Acasă > The NBM governance, risk management and controls levels

The NBM governance, risk management and controls levels

 

Risk management and internal control


Risk management

The National Bank manages financial and non-financial risks associated with fulfilling its core duties and business processes.

Financial risks are the risks associated with financial instruments used to implement monetary and exchange rate policy and to manage international reserves. These refer to:

  1. Credit risk – the risk of losses resulting from the failure of counterparties to meet their contractual obligations.
  2. Liquidity risk – represents the risk that the National Bank will not be able to meet its payment obligations when they become due. Liquidity risk is characteristic of market trading and consists of the inability to realize a financial asset at its fair value due to specific market conditions.
  3. Market risk – the risk arising from unfavorable fluctuations in market prices of the assets that are part of the National Bank's investment portfolios. Market risk includes interest rate risk and currency risk:
      a) Interest rate risk – the probability of incurring a loss or failing to achieve projected profits due to unfavorable changes in market interest rates;
      b) Currency risk – the probability of incurring a loss or failing to achieve projected profits due to unfavorable changes in exchange rates.


Non-financial risks:

  1. Strategic risk – refers to the risk of potential failures resulting from decisions made by the governing bodies, internal events (governance, incorrect strategy setting, resource insufficiency), or external events (national policies, regulations, technologies, external interference, exceptional situations), which could prevent the bank from achieving its established strategic objectives. Strategic risks are identified within the operational processes related to strategic planning and are assessed according to the Operational Risk Management Framework.
  2. Operational risk – represents a potential financial, operational, and/or reputational impact on the bank, which arises from or is conditioned by inadequate or failed internal governance, business processes, people, systems/infrastructure, or the external environment.
    The National Bank of Moldova identifies legal risk as part of operational risk, assessed according to the Operational Risk Management Framework in business processes. This risk may result from the regulatory framework, non-compliance with or misunderstanding of normative provisions, ambiguity or insufficiency of applicable regulations, the drafting of normative acts, processes of representing the interests of the National Bank in court, procurement processes concerning the enforcement of contractual rights, etc. For the identified risks, the impact on operations, reputational impact, and financial impact on the operational processes of the National Bank are assessed.
  3. Climate Risk – The National Bank of Moldova is in the process of developing a framework for integrated risk management, along with policies, processes, and controls to incorporate climate risks into integrated risk management. The objectives are focused on improving the resilience of the banking sector, promoting sustainable financing, understanding environmental risks, education and research, and managing its own operations.

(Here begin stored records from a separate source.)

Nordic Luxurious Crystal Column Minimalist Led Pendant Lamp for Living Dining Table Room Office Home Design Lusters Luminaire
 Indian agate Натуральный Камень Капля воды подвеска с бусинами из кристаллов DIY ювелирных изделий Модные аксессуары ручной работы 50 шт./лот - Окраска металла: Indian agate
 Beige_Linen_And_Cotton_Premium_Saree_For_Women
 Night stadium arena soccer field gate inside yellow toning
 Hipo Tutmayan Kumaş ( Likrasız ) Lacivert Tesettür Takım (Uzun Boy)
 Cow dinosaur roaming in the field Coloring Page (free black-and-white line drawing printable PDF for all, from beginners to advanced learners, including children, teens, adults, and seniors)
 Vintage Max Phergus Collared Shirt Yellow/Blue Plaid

Risk Appetite is the maximum amount and type of risk that the bank is willing to prevent, accept, or tolerate in fulfilling the core responsibilities and objectives of the National Bank. Risk appetite can be expressed in both quantitative and qualitative terms, depending on the risk category or risk specificity.

Risk Tolerance is the value or level of residual operational risk (“the amount”) that the bank is willing to bear or to which it may be exposed (the acceptable degree of variation) at any given time after treatment the inherent risk, to achieve its objectives.

Based on its mandate, mission and values [1], the National Bank manages risks to ensure the achievement of the basic tasks [2] (as established in art. 5 of the NBM Law [3]), strategic objectives [1] and the objectives of the business processes, in accordance with the risk tolerance and risk appetite [4] approved by the Supervisory Board.

The Risk Appetite of the National Bank for financial and non-financial risks, is low to medium, exept for risks of fraud, for which the National Bank has a "zero" appetite to risk.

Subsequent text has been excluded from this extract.